Business and energy secretary, Kwasi Kwarteng, said: “Today marks the start of the UK’s hydrogen revolution. This home-grown clean energy source has the potential to transform the way we power our lives and will be essential to tackling climate change and reaching net zero.
“With the potential to provide a third of the UK’s energy in the future, our strategy positions the UK as first in the global race to ramp up hydrogen technology and seize the thousands of jobs and private investment that come with it.”
The government’s approach is based on the UK’s previous success with offshore wind, where early government action coupled with strong private sector backing has earned the UK a world leading status. One of the main tools used by government to support the establishment of offshore wind in the UK was the Contracts for Difference (CfD) scheme, which incentivises investment in renewable energy by providing developers with direct protection from volatile wholesale prices and protects consumers from paying increased support costs when electricity prices are high.
As such, the government has launched a public consultation on a preferred hydrogen business model which, built on a similar premise to the offshore wind CfDs, is designed to overcome the cost gap between low carbon hydrogen and fossil fuels, helping the costs of low-carbon alternatives to fall quickly, as hydrogen comes to play an increasing role in our lives. Alongside this, the government is consulting on the design of the £240m Net Zero Hydrogen Fund, which aims to support the commercial deployment of new low carbon hydrogen production plants across the UK.
Jo Bamford, founder and executive chairman of Ryze Hydrogen, said he welcomed the Hydrogen Strategy: “As the Business Secretary states in his foreword, ‘The time for real world action is now’. We stand ready to start developing green hydrogen production sites across the UK, but the Government must now confirm its plans for the Renewable Transport Fuel Obligation, and the Bus Service Operators Grant so that industry has the certainty to invest.

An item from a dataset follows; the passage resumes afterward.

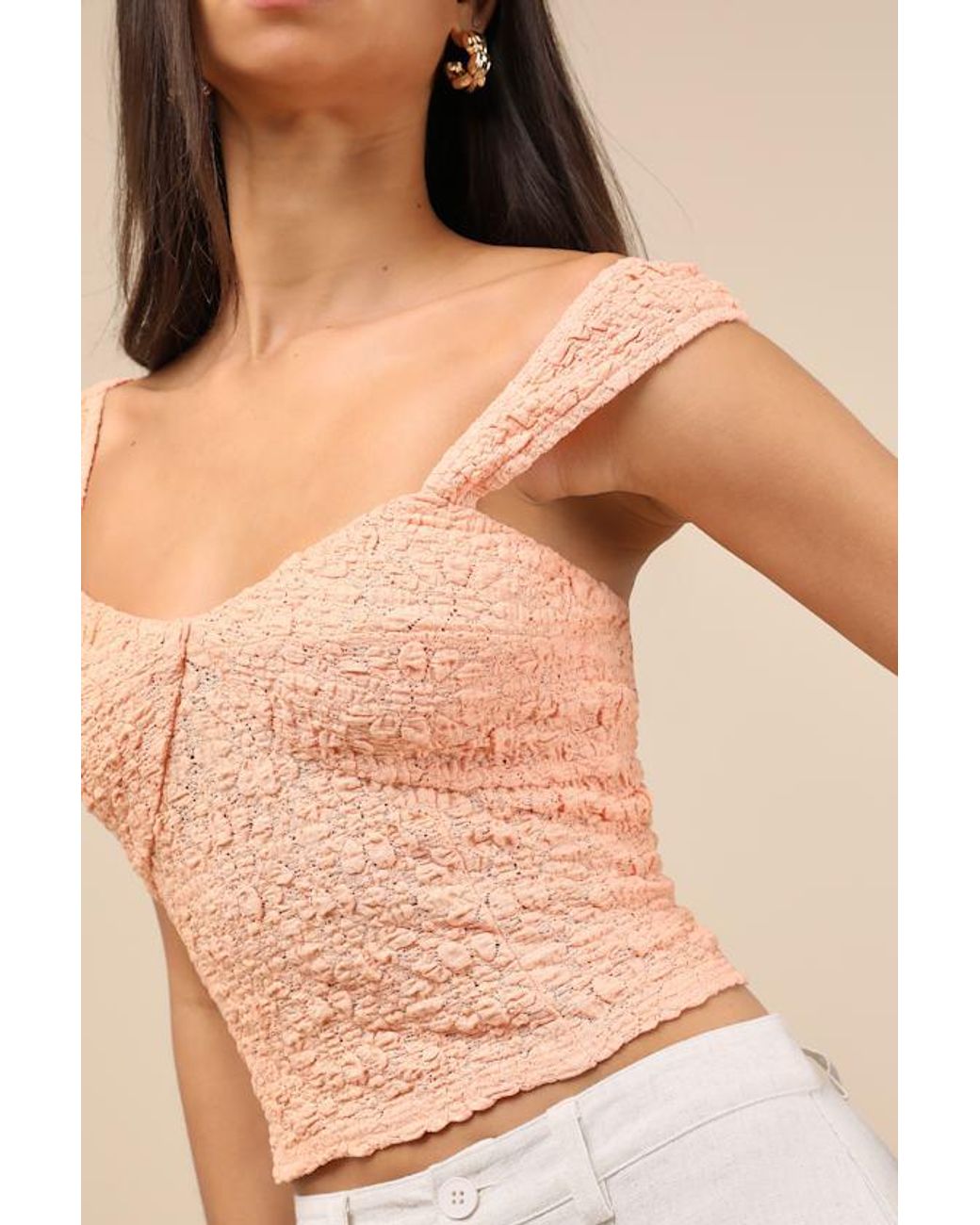 Lulus Natural Wilda Jacquard Knit Sleeveless Top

“The Government must also accelerate progress on its commitment to purchase 4,000 zero emission buses. UK-made Wrightbus hydrogen buses are already on the streets of Aberdeen, London, Birmingham, Belfast and Dublin and improving air quality. These are ideal first users of hydrogen, and can be easily scaled up to stimulate further investment in green hydrogen production.”
Prioritising and supporting polluting industries to significantly slash their emissions, the government has also announced a £105m funding package through its Net Zero Innovation Portfolio that will act as a first step to build up Britain’s low carbon hydrogen economy. The investment will help industries to develop low carbon alternatives for industrial fuels, including hydrogen, which will be key to meeting climate commitments. This includes:
£55m Industrial Fuel Switching Competition – funding will support the development and trials of solutions to switch industry from high to low carbon fuels, such as natural gas to clean hydrogen.

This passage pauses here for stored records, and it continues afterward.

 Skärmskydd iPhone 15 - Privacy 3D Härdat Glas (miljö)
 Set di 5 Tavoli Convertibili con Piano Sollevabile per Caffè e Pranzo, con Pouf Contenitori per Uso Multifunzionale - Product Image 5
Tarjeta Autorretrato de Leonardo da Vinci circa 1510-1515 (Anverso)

£40m Red Diesel Replacement Competition – providing grant funding for the development and demonstration of low carbon alternatives to diesel for the construction, quarrying and mining sectors, with the aim of decarbonising these industries reliant on red diesel, a fuel used mainly for off-road purposes such as in bulldozers. With red diesel responsible for the production of nearly 14 million tonnes of carbon each year, the investment supports the UK government’s budget announcement removing the entitlement to use red diesel and rebated biodiesel.
£10m Industrial Energy Efficiency Accelerator (IEEA) – offering funding to clean technology developers to work with industrial sites to install, test and prove solutions for reducing UK industry’s energy and resource consumption.